Exports preprocessed NumPy arrays to `out/data/UCI_HAR_raw/`:
- `train_data.npy`, `train_labels.npy`
- `test_data.npy`, `test_labels.npy`

#### Model Training
```bash
qualia config.toml train
```

Uses PyTorch framework defined in `[learningframework]`:
```toml
[learningframework]
kind = "PyTorch"
```

Trains model from `[[model]]` using shared CNN configuration:
```toml
[model_template]
kind = "CNN"
epochs = 10
batch_size = 32

[[model]]
name = "uci-har_cnn_simple"
params.filters = [5, 5]        # Two conv layers
params.kernel_sizes = [2, 2]   # Two conv layers with kernel of length 2
params.pool_sizes = [2, 0]     # First layer pooling
params.dims = 1                # 1D convolutions
```

Saves trained model in `out/learningmodel/`.
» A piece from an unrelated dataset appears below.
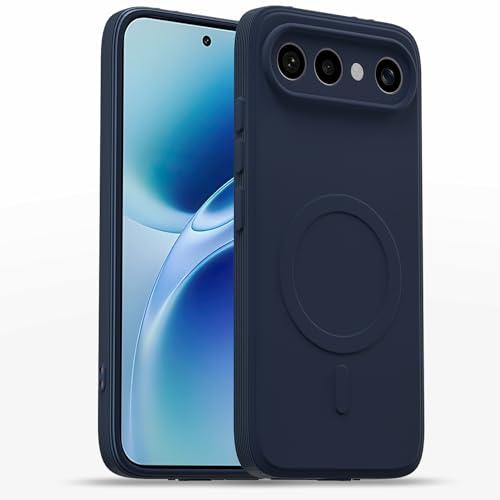 Image of Pikkme Back Cover for Vivo X300 FE 5G Soft Matte Silicone Mag-Safe Design (Mag-Safe Not Support) Camera Protection | Slim Fit Bumper Cover (Blue)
#### Deployment Preparation
```bash
qualia config.toml prepare_deploy
```

Converts trained model to embedded format using `[deploy]` settings:
```toml
[deploy]
target = 'Linux'             # Host CPU
converter.kind = 'QualiaCodeGen'  # C code generator
quantize = ['float32']       # Precision
optimize = ['']              # Optimizations
```

Generates C code in `out/qualia_codegen` and compiles for Linux host in `out/deploy/Linux`.